SI clusters (was RE: seti@home is SORTA WORKING)

Robert J. Bradbury (bradbury@aeiveos.com)
Mon, 12 Jul 1999 08:06 PDT

> Rob Harris Cen-IT <Rob.Harris@bournemouth.gov.uk> wrote>

> Intelligent barnacles sat on a rock on some remote coastline might say the
> same ("why haven't SI's (humans) altered our rock?)
>
> Why the hell would we ? Even if there was some reason why we might want to
> change the configuration of pieces of rock, we surely wouldn't get to EVERY
> piece of rock, and considering the vast number of solar systems in this
> universe alone, this makes the rock on earth analogy a massive probability
> in comparison.

This is a good point.

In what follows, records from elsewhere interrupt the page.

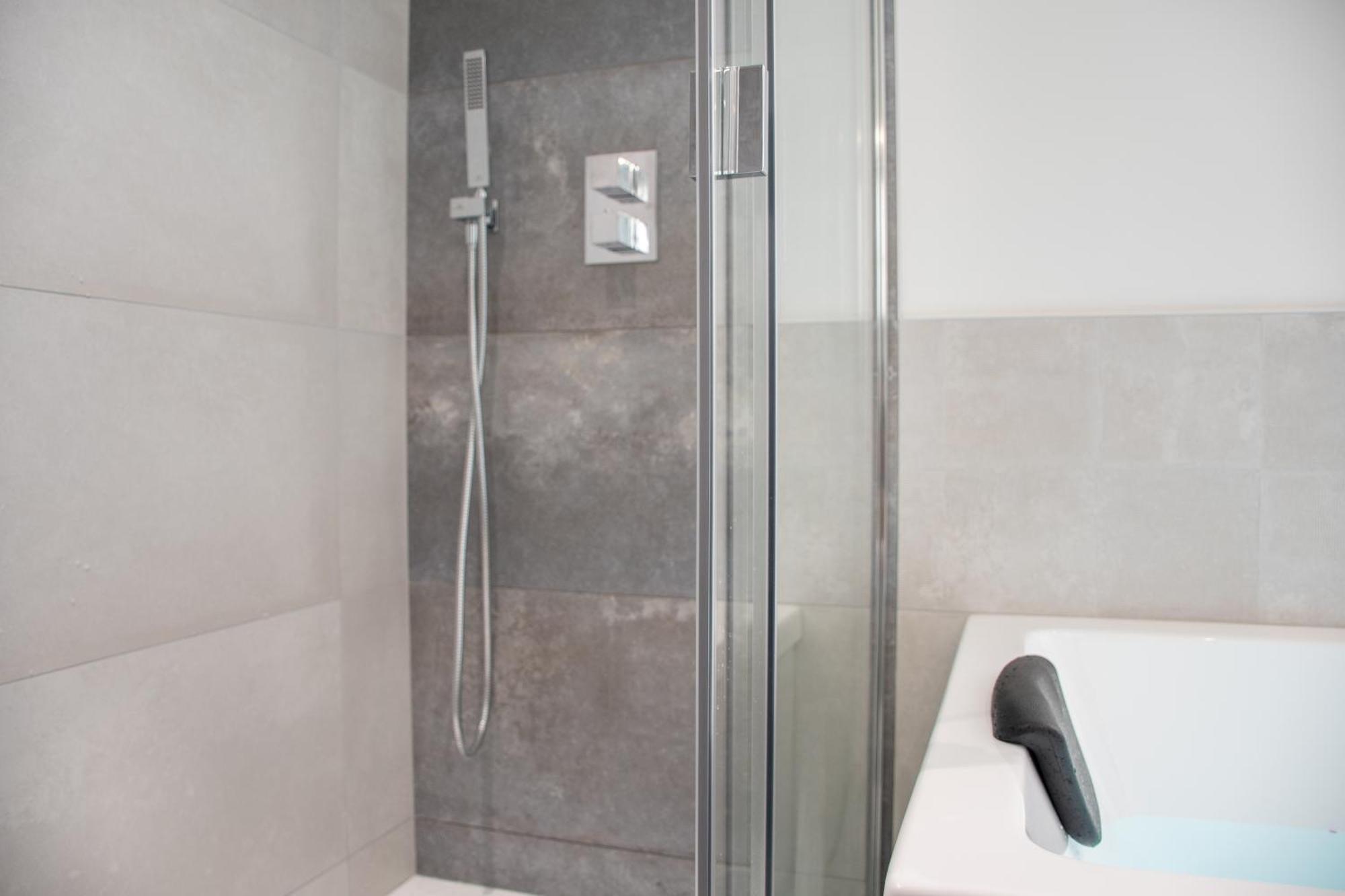 L'Appartement Des Ducs Avec Baignoire Double Nantes Esterno foto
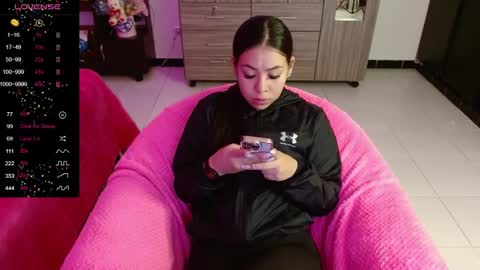 Snapshot of isabeella_24 chatting on 12-21-24, 11:02 Isabella online show from 12-21-24, 11:02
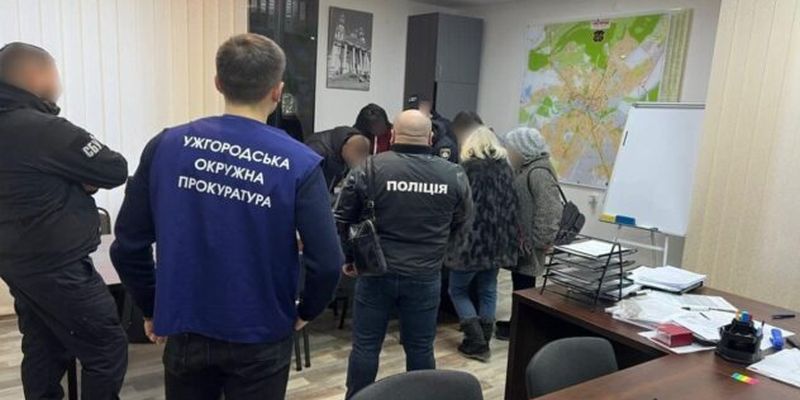 Обыски в горсовете Ужгорода: чиновников подозревают в присвоении 700 тыс. грн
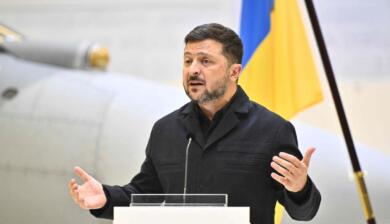 Ucraina, Zelensky pronto a trattare. E ai Volenterosi: «Congelare la linea del fronte»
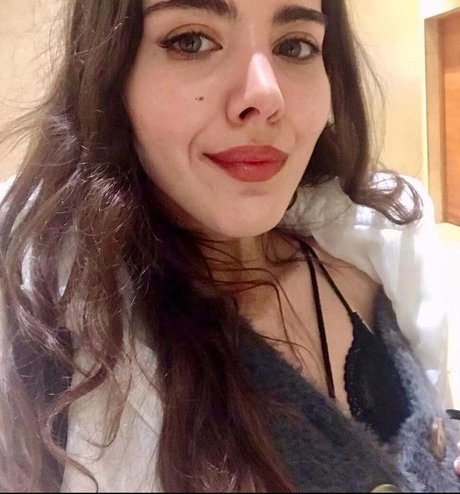 Selin Celikdelen onlyfans leaked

SIs could colonize everything *if* they wanted to. Even humans could do it without nanotechnology if the launch costs get low enough and enough people want to do this.

Since we still see stars (assuming the Universe is not a TV screen), then they don't exist or don't desire to colonize (everything). That implies that it isn't to their benefit to colonize everything (just as it is not to our benefit to separate all the rocks from all the barnacles).

I believe this has a lot to do with speed of light delays. There is a measure of parallel processing performance called the logP model, that I won't go into the details of here. The model however allows you to compare the performance of various parallel processors taking into account network bandwidth, time to access the network, CPU speed, etc. Think of an M-brain saying "I need more computational capacity". So send a nanoprobe over to the nearest star with instructions to build another M-brain, great, that gets you 2x your current processing capacity. But you get killed in the logP analysis because of the delays passing the data back and forth between the M-brains.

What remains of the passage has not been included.